Then I let retards tell me I was too skinny, put the weight back on and I cant get turbo lean again, its like my bodyfat% is stuck and I cant go any lower


----------



## iprayforascension (Feb 11, 2020)

iprayforascension said:


> YOU HEARD IT HERE. IM ROPING IF I DONT REACH 9-12% BF IN 5 MONTHS. CURRENTLY 24% BF


also everytime i skip my skincare routine i will jump off a 3 meter high bridge head first


----------



## ChaddeusPeuterschmit (Feb 11, 2020)

iprayforascension said:


> also everytime i skip my skincare routine i will jump off a 3 meter high bridge head first


Lol I think you’ll die


----------



## iprayforascension (Feb 11, 2020)

ChaddeusPeuterschmit said:


> Lol I think you’ll die


i mean, its a big bonesmash if it is successful and i dont die


----------



## ChaddeusPeuterschmit (Feb 11, 2020)

iprayforascension said:


> ok without going head first nohting will happen, right?


Ya I think you’ll be good


----------



## eduardkoopman (Feb 11, 2020)

iprayforascension said:


> YOU HEARD IT HERE. IM ROPING IF I DONT REACH 9-12% BF IN 5 MONTHS. CURRENTLY 24% BF


I'll join you, If I don't have extra 15000 in July.



iprayforascension said:


> also everytime i skip my skincare routine i will jump off a 3 meter high bridge head first


I'll just had to do 10 minutes situps, for not reaching work hours goal. Your punishment is harsher though.
I think I prefer excercise type of punishments.


----------



## iprayforascension (Feb 11, 2020)

eduardkoopman said:


> I'll join you, If I don't have extra 15000 in July.
> 
> 
> I'll just had to do 10 minutes situps, for not reaching work hours goal. Your punishment is harsher though.
> I think I prefer excercise type of punishments.


Ok maybe every time I miss skincare just like a 5km fun since i fucking hate cardio


----------



## eduardkoopman (Feb 11, 2020)

iprayforascension said:


> Ok maybe every time I miss skincare just like a 5km fun since i fucking hate cardio


sounds like a much better option.
Punishments, with long term benifits are best imo. You get likeextra benifits in future from your pain.


----------



## Deleted member 275 (Feb 11, 2020)

Punishment is bullshit. What are you going to do, whip yourself? Starve yourself? Force yourself to drink bleech?

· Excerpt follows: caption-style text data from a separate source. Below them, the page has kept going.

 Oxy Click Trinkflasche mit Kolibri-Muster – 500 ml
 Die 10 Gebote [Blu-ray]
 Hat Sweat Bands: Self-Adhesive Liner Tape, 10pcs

No, you are gonna go heavy into negative self-talk. And that is *never *good. You need to be your own biggest fan, *especially *when you are failling to reach your goals. Because then you need all the mental strength and fortitude you can get to fight harder or change your plan.

Rewarding yourself is much better tbh.


----------



## eduardkoopman (Feb 12, 2020)

Syobevoli said:


> Punishment is bullshit. What are you going to do, whip yourself? Starve yourself? Force yourself to drink bleech?
> 
> No, you are gonna go heavy into negative self-talk. And that is *never *good. You need to be your own biggest fan, *especially *when you are failling to reach your goals. Because then you need all the mental strength and fortitude you can get to fight harder or change your plan.
> 
> Rewarding yourself is much better tbh.


Reward system works.
But imo. rewards + punishment system; works better. Because fear is also a great motivator for action.

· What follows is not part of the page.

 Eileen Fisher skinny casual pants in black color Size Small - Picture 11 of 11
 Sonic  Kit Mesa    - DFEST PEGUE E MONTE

With punishments. I was and am more thinking in lines of: 10 minutes situps; loss of privilge to go to spa the next day (unless earn back), 3km run; etc.. (basically doing something you dislike or find painfull, but doesn't hurt you longterm or might even be healthy. Or taking away something you like)


----------



## eduardkoopman (Mar 15, 2020)

A good video. About the Self-Help, for wealth


----------



## eduardkoopman (Jan 13, 2021)

Napoleon Hill scammer​


----------



## AutismMaxing (Jan 13, 2021)

eduardkoopman said:


> Napoleon Hill scammer​



My entire reality is shattered. Thanks!

If I ever become an Oldcel (50+) I'm gurumaxing; It looks like there's a good amount of older women that enjoy this stuff (maybe in the future also). That Tina woman in the first video was hot and young, but I wouldn't be surprised if she was a plant by Penn and Teller for better ratings, or they just got lucky that a woman like her was there that day.

Dan Pena is a scammer pathologically liar as well btw. But it's nice to see the angry old man expose the other scammers.


----------



## eduardkoopman (Jan 14, 2021)

AutismMaxing said:


> My entire reality is shattered. Thanks!
> 
> If I ever become an Oldcel (50+) I'm gurumaxing; It looks like there's a good amount of older women that enjoy this stuff (maybe in the future also). That Tina woman in the first video was hot and young, but I wouldn't be surprised if she was a plant by Penn and Teller for better ratings, or they just got lucky that a woman like her was there that day.
> 
> Dan Pena is a scammer pathologically liar as well btw. But it's nice to see the angry old man expose the other scammers.


True.
Dan Pena is also a big scammer.


----------



## PubertyMaxxer (Jan 15, 2021)

Just proves how important being able to sell and persuade is


----------